At the beginning of the poem, the speaker wants us to think that he’s pretentious. He starts talking about "new thinking" and "old thinking," like some fashion expert talking about last year’s style versus this year’s style. Then, he goes into a philosophical discussion about particular things and general ideas, without giving us any background about Plato and the ancient Greeks. (We can hear the snooty philosopher now: "You mean you didn’t know it was a reference to Plato? Humph!")
But, we get the sense that there might be more to this story when he starts sprinkling the poem with beautiful images of woodpeckers and blackberry brambles. Eventually, we get the picture: the speaker actually isn’t a pretentious guy who thinks that words don’t mean anything. In fact, he disagrees with those kinds of people. But, he’s also obviously well read and knows his stuff. He’s the kind of guy who can get away with using words like "querulous" and "numinous" without seeming like he just tries to sound smart.

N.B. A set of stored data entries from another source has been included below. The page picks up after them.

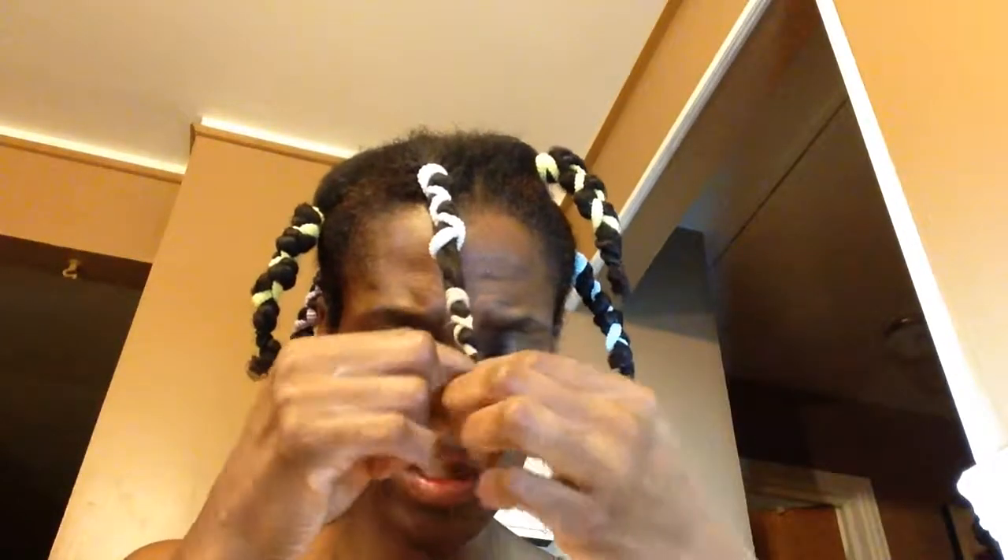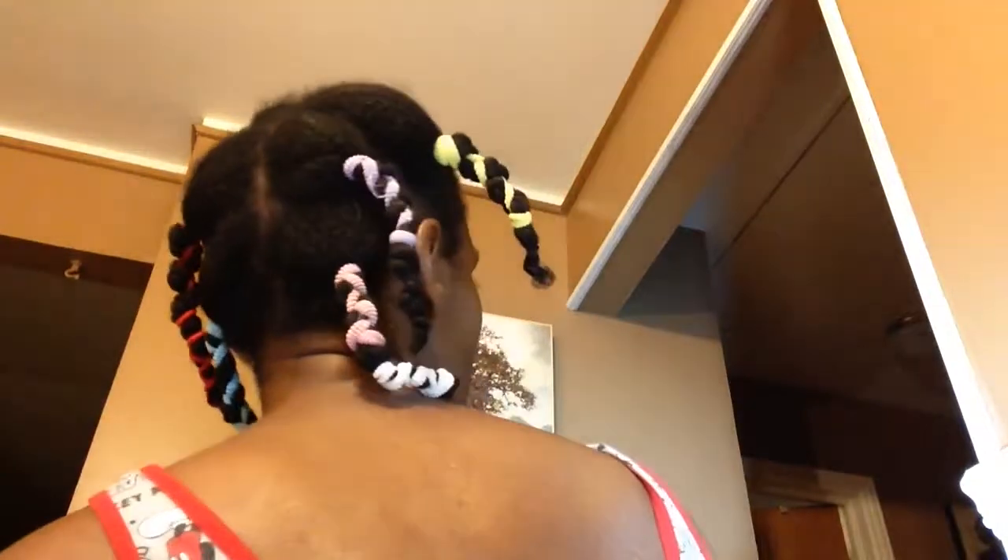Now I'll probably either put this in one of my bonnets or wrap a scarf around it to flatten and stretch it down even more overnight. All done! My hair is in banding for stretching — look at that. My hair comes down about right here without the band. Thank you for watching, thumbs up the video, subscribe to my channel, see you on the next one — be blessed and bye bye!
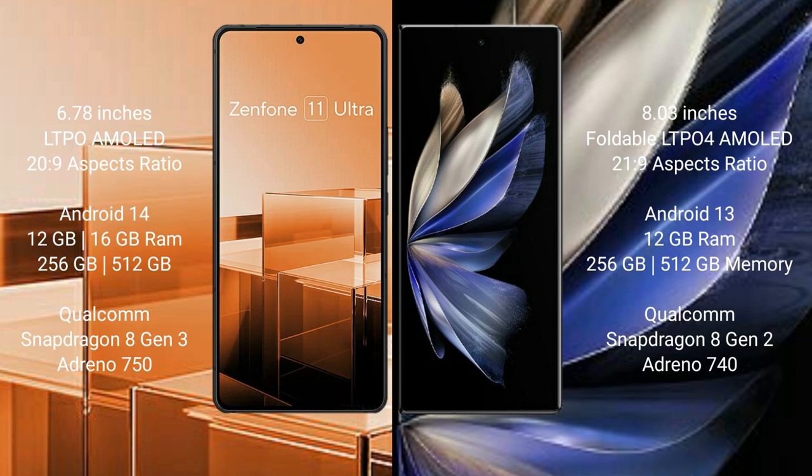Vivo X Fold 2 comes with 12GB RAM and 256GB or 512GB internal storage, with a Qualcomm Snapdragon 8 Gen 2 processor and Adreno 740 GPU.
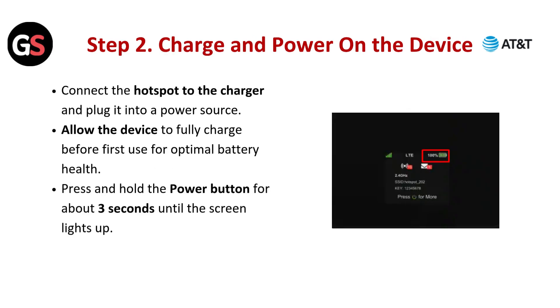Step 2: Charge and power on the device. Connect the hotspot to the charger and plug it into a power source. Allow the device to fully charge before first use for optimal battery health. Press and hold the power button for about 3 seconds until the screen lights up.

In the middle of the poem (and in the middle of a line), he switches out of the pretentious act and starts telling us all this really personal stuff about his love life and childhood. One minute he’s talking about ideas and the next minute he’s like, "So, I was making love to this woman...." And we’re like, "Whoa! Where does this come from!?" This part of the poem feels like the kind of crazy late-night conversation you might have with a friend who is really honest. In a strange way, the abrupt transition from philosophy to sex and back again makes perfect sense, in the way that even the wildest late-night conversations always seem to – at least, at the time.